→ **WORK TASK**
Among the entries below, which lines run from the line with "Micromax Canvas Juice" through the line with "Походная обувь LOWA Outdoorschuhe, черный"? Retype those, both ends included, exactly and without pictures.

→ **PROVIDED DATA**

####################

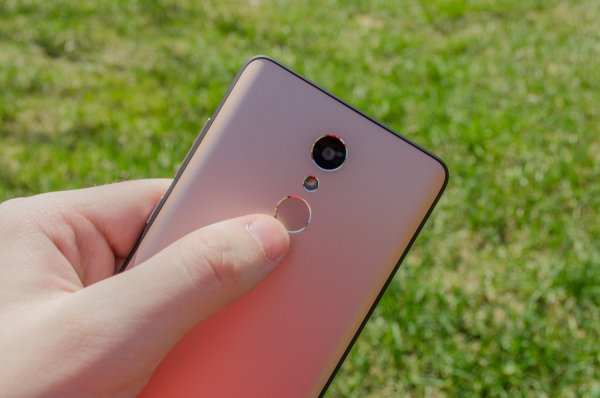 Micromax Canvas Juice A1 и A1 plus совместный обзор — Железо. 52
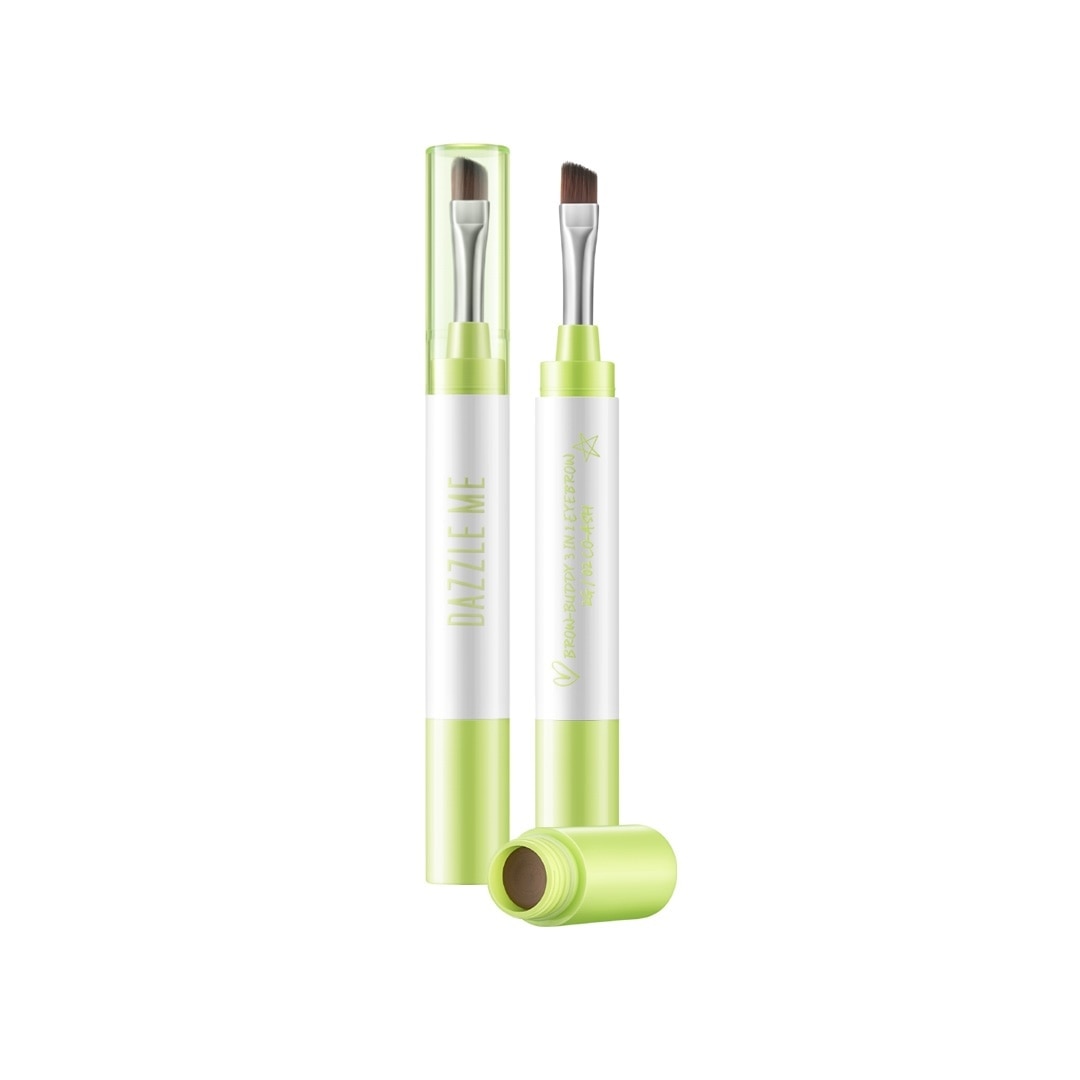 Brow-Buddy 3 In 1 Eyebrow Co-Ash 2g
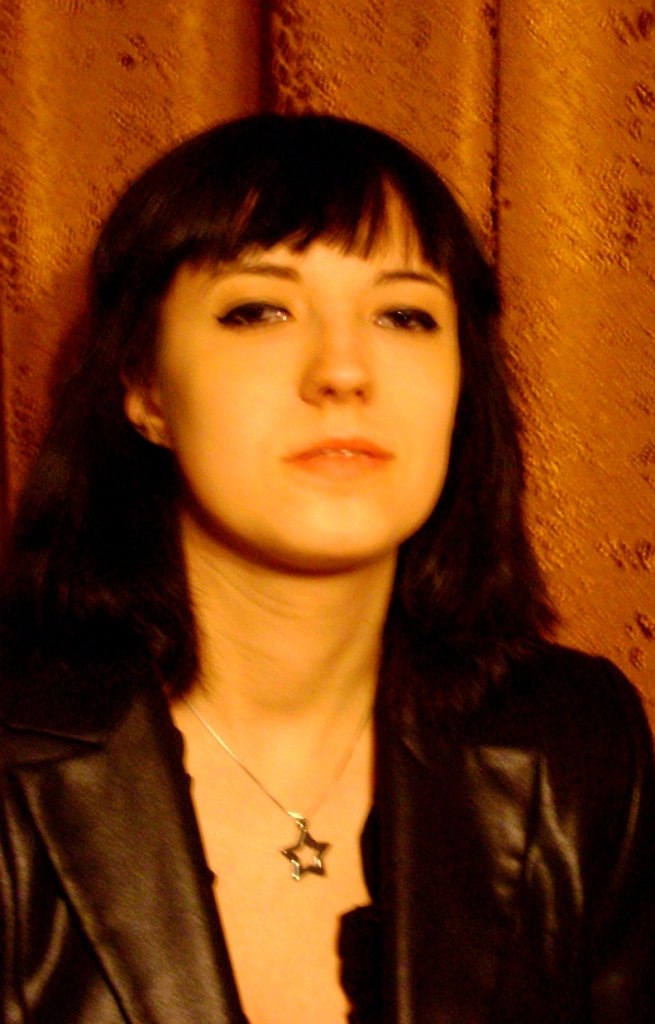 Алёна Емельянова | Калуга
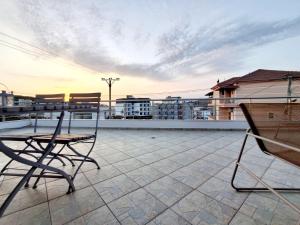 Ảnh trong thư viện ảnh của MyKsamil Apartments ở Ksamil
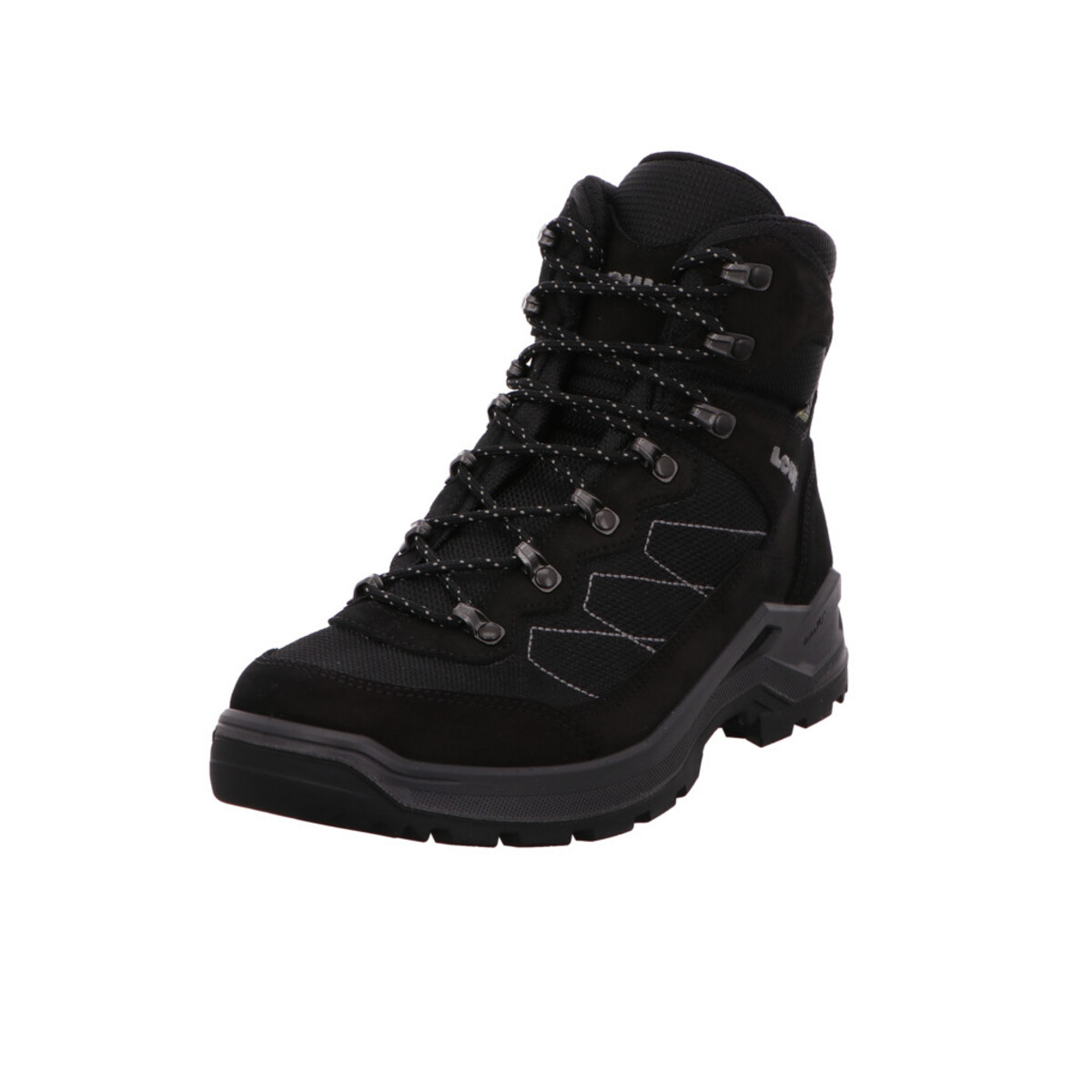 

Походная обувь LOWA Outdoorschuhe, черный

####################

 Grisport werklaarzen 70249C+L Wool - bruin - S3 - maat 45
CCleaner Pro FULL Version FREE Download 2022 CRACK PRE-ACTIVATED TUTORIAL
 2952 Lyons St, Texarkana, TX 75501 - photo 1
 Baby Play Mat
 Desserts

####################

→ **FINISHED EXERCISE**
 Micromax Canvas Juice A1 и A1 plus совместный обзор — Железо. 52
 Brow-Buddy 3 In 1 Eyebrow Co-Ash 2g
 Алёна Емельянова | Калуга
 Ảnh trong thư viện ảnh của MyKsamil Apartments ở Ksamil

Походная обувь LOWA Outdoorschuhe, черный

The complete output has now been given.